CCing Michael Jeanson, author of the selftests patch.

Thanks for your feedback,

Mathieu

-- 
Mathieu Desnoyers
EfficiOS Inc.
http://www.efficios.com

Michael Jeanson Sept. 22, 2020, 1:52 p.m. UTC | #5

----- On 21 Sep, 2020, at 15:33, Mathieu Desnoyers mathieu.desnoyers@efficios.com wrote:

> ----- On Sep 21, 2020, at 3:11 PM, David Ahern dsahern@gmail.com wrote:
> 
>> On 9/21/20 12:44 PM, Mathieu Desnoyers wrote:
>>> ----- On Sep 21, 2020, at 2:36 PM, David Ahern dsahern@gmail.com wrote:
>>> 
>>>> On 9/18/20 12:17 PM, Mathieu Desnoyers wrote:
>>>>> Hi,
>>>>>
>>>>> Here is an updated series of fixes for ipv4 and ipv6 which which ensure
>>>>> the route lookup is performed on the right routing table in VRF
>>>>> configurations when sending TTL expired icmp errors (useful for
>>>>> traceroute).
>>>>>
>>>>> It includes tests for both ipv4 and ipv6.
>>>>>
>>>>> These fixes address specifically address the code paths involved in
>>>>> sending TTL expired icmp errors. As detailed in the individual commit
>>>>> messages, those fixes do not address similar issues related to network
>>>>> namespaces and unreachable / fragmentation needed messages, which appear
>>>>> to use different code paths.
>>>>>
>>>>
>>>> New selftests are failing:
>>>> TEST: Ping received ICMP frag needed                       [FAIL]
>>>>
>>>> Both IPv4 and IPv6 versions are failing.
>>> 
>>> Indeed, this situation is discussed in each patch commit message:
>>> 
>>> ipv4:
>>> 
>>> [ It has also been pointed out that a similar issue exists with
>>>   unreachable / fragmentation needed messages, which can be triggered by
>>>   changing the MTU of eth1 in r1 to 1400 and running:
>>> 
>>>   ip netns exec h1 ping -s 1450 -Mdo -c1 172.16.2.2
>>> 
>>>   Some investigation points to raw_icmp_error() and raw_err() as being
>>>   involved in this last scenario. The focus of this patch is TTL expired
>>>   ICMP messages, which go through icmp_route_lookup.
>>>   Investigation of failure modes related to raw_icmp_error() is beyond
>>>   this investigation's scope. ]
>>> 
>>> ipv6:
>>> 
>>> [ Testing shows that similar issues exist with ipv6 unreachable /
>>>   fragmentation needed messages.  However, investigation of this
>>>   additional failure mode is beyond this investigation's scope. ]
>>> 
>>> I do not have the time to investigate further unfortunately, so I
>>> thought it best to post what I have.
>>> 
>> 
>> the test setup is bad. You have r1 dropping the MTU in VRF red, but not
>> telling VRF red how to send back the ICMP. e.g., for IPv4 add:
>> 
>>    ip -netns r1 ro add vrf red 172.16.1.0/24 dev blue
>> 
>> do the same for v6.
>> 
>> Also, I do not see a reason for r2; I suggest dropping it. What you are
>> testing is icmp crossing VRF with route leaking, so there should not be
>> a need for r2 which leads to asymmetrical routing (172.16.1.0 via r1 and
>> the return via r2).

The objective of the test was to replicate a clients environment where
packets are crossing from a VRF which has a route back to the source to
one which doesn't while reaching a ttl of 0. If the route lookup for the
icmp error is done on the interface in the first VRF, it can be routed to
the source but not on the interface in the second VRF which is the
current behaviour for icmp errors generated while crossing between VRFs.
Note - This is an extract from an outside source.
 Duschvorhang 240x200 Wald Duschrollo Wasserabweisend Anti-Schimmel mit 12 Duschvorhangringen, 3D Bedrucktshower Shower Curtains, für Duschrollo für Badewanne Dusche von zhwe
There may be a better test case that doesn't involve asymmetric routing
to test this but it's the only way I found to replicate this.

David Ahern Sept. 23, 2020, 1:59 a.m. UTC | #6

On 9/22/20 7:52 AM, Michael Jeanson wrote:
>>>
>>> the test setup is bad. You have r1 dropping the MTU in VRF red, but not
>>> telling VRF red how to send back the ICMP. e.g., for IPv4 add:
>>>
>>>    ip -netns r1 ro add vrf red 172.16.1.0/24 dev blue
>>>
>>> do the same for v6.
>>>
>>> Also, I do not see a reason for r2; I suggest dropping it. What you are
>>> testing is icmp crossing VRF with route leaking, so there should not be
>>> a need for r2 which leads to asymmetrical routing (172.16.1.0 via r1 and
>>> the return via r2).
> 
> The objective of the test was to replicate a clients environment where
> packets are crossing from a VRF which has a route back to the source to
> one which doesn't while reaching a ttl of 0. If the route lookup for the
> icmp error is done on the interface in the first VRF, it can be routed to
> the source but not on the interface in the second VRF which is the
> current behaviour for icmp errors generated while crossing between VRFs.
> 
> There may be a better test case that doesn't involve asymmetric routing
> to test this but it's the only way I found to replicate this.
> 

It should work without asymmetric routing; adding the return route to
the second vrf as I mentioned above fixes the FRAG_NEEDED problem. It
should work for TTL as well.

Adding a second pass on the tests with the return through r2 is fine,
but add a first pass for the more typical case.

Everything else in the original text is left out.